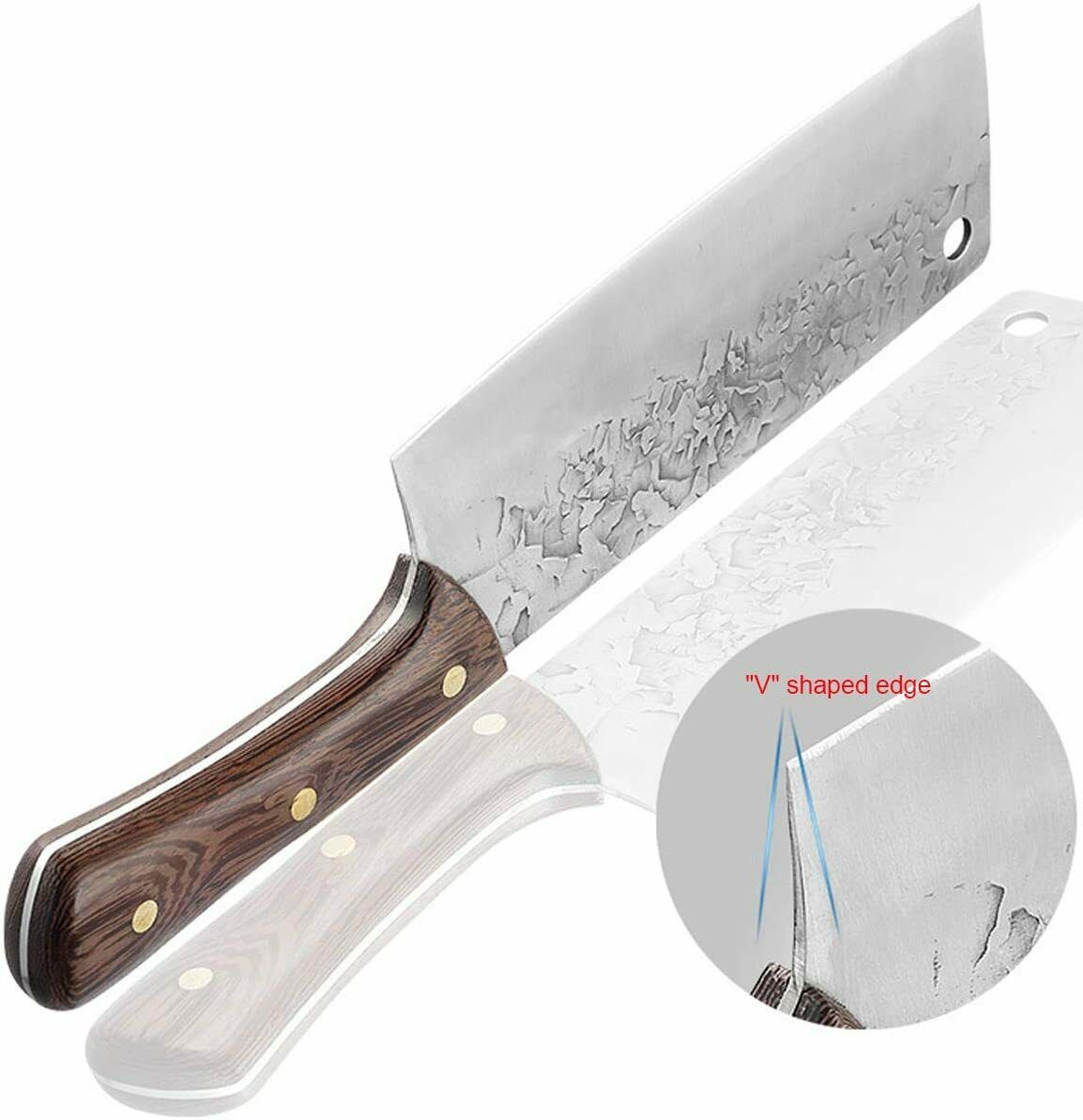 8 In Handmade Traditional Chinese Forged Chef Kitchen Meat Cleaver Slicing Knife - Fresh Stock Dated January 2026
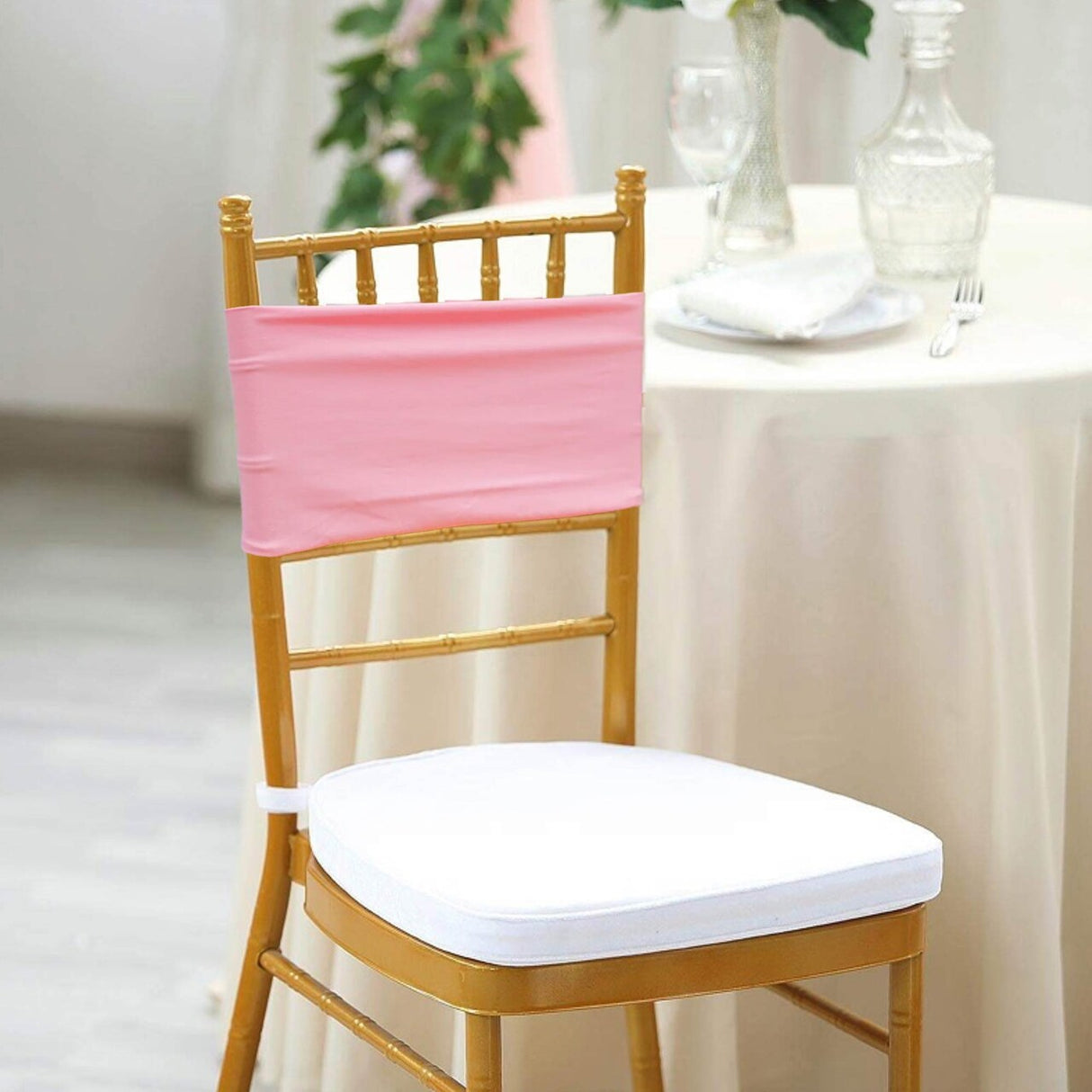 10 Pieces Stretchy Soft Pink Spandex Chair Bands 7 x 13 Inches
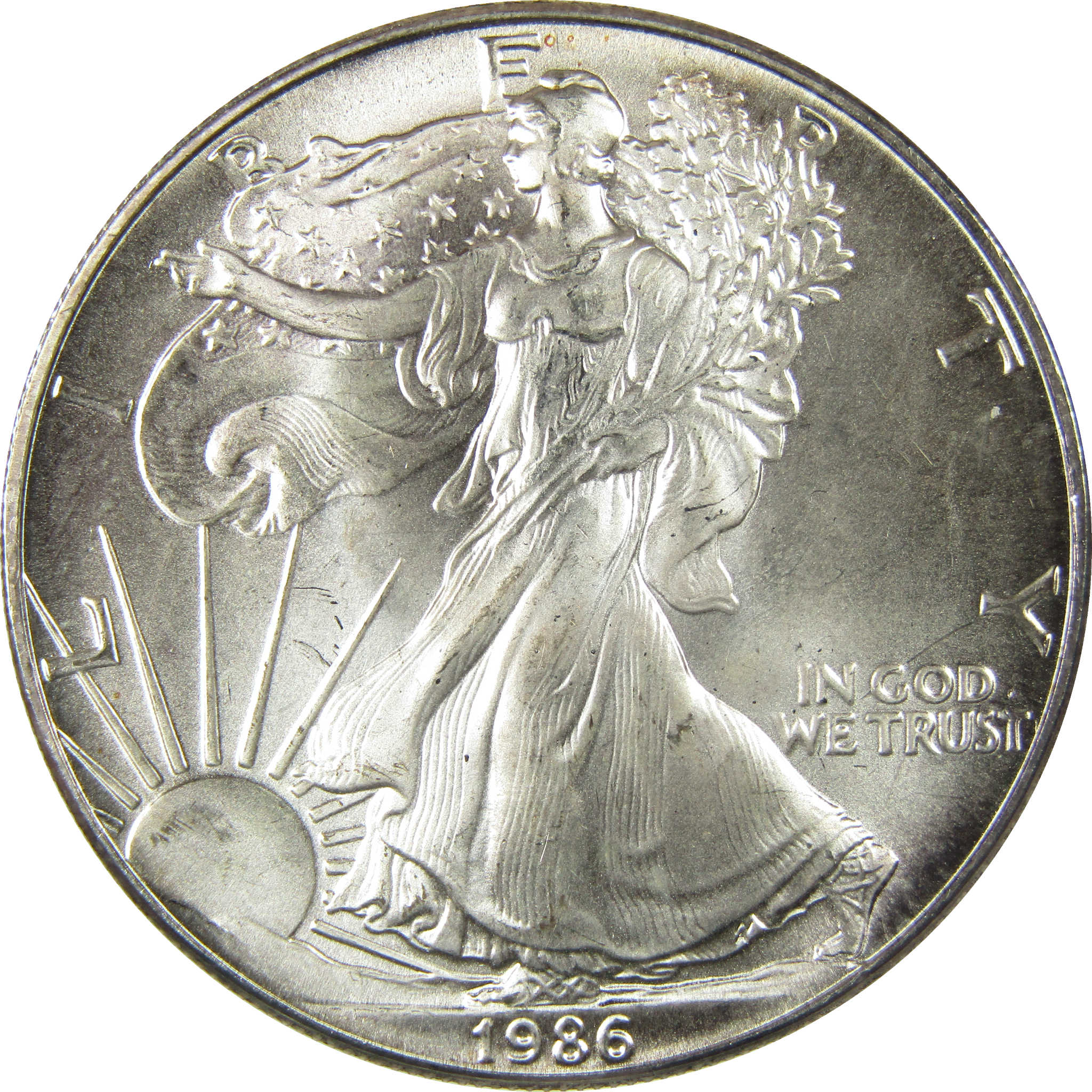 1986 American Silver Eagle Uncirculated Mint State $1 Coin SKU:CP1530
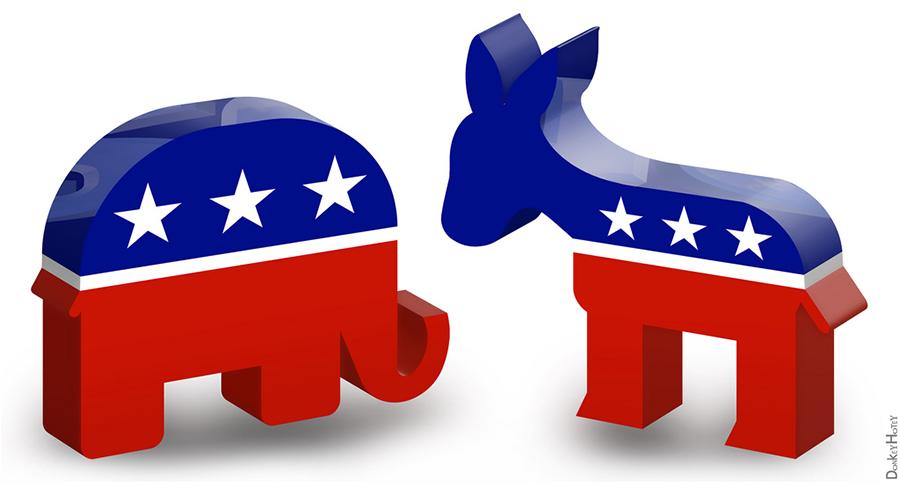 The Republican mascot, the elephant, and the Democrat mascot, the donkey. These are the two major political parties in the United States.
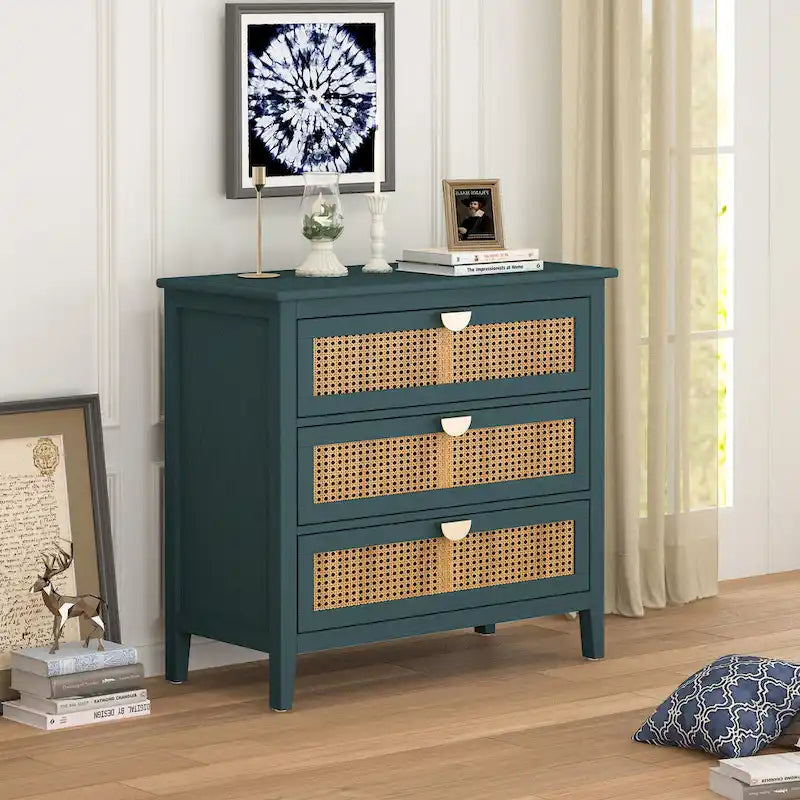 Cassettiera a 3 cassetti in rattan verde/grigio, monoutente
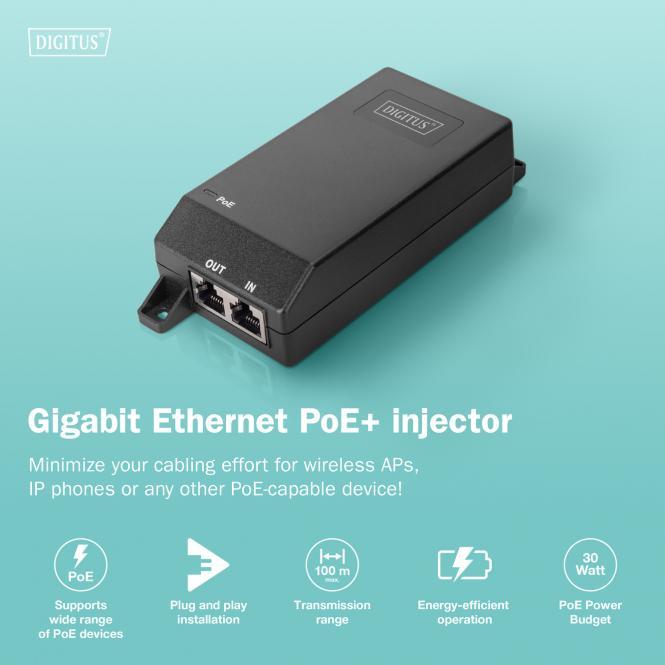 Produktbild Digitus Gigabit Ethernet PoE+ Injektor, 802.3at, 30 W (802.3af (PoE), 802.3at (PoE+), 30 W)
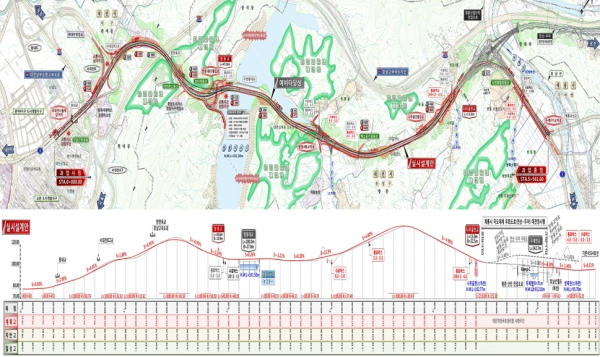 서대전IC~두계3가 공사계획 평면도 및 종단면도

================================

[Assigned task]: Return the lines from the one that contains "10 Pieces Stretchy" through the final line of the listing above, inclusive. Transcribe them exactly and drop the pictures.

[Task output]:
 10 Pieces Stretchy Soft Pink Spandex Chair Bands 7 x 13 Inches
 1986 American Silver Eagle Uncirculated Mint State $1 Coin SKU:CP1530
 The Republican mascot, the elephant, and the Democrat mascot, the donkey. These are the two major political parties in the United States.
 Cassettiera a 3 cassetti in rattan verde/grigio, monoutente
 Produktbild Digitus Gigabit Ethernet PoE+ Injektor, 802.3at, 30 W (802.3af (PoE), 802.3at (PoE+), 30 W)
 서대전IC~두계3가 공사계획 평면도 및 종단면도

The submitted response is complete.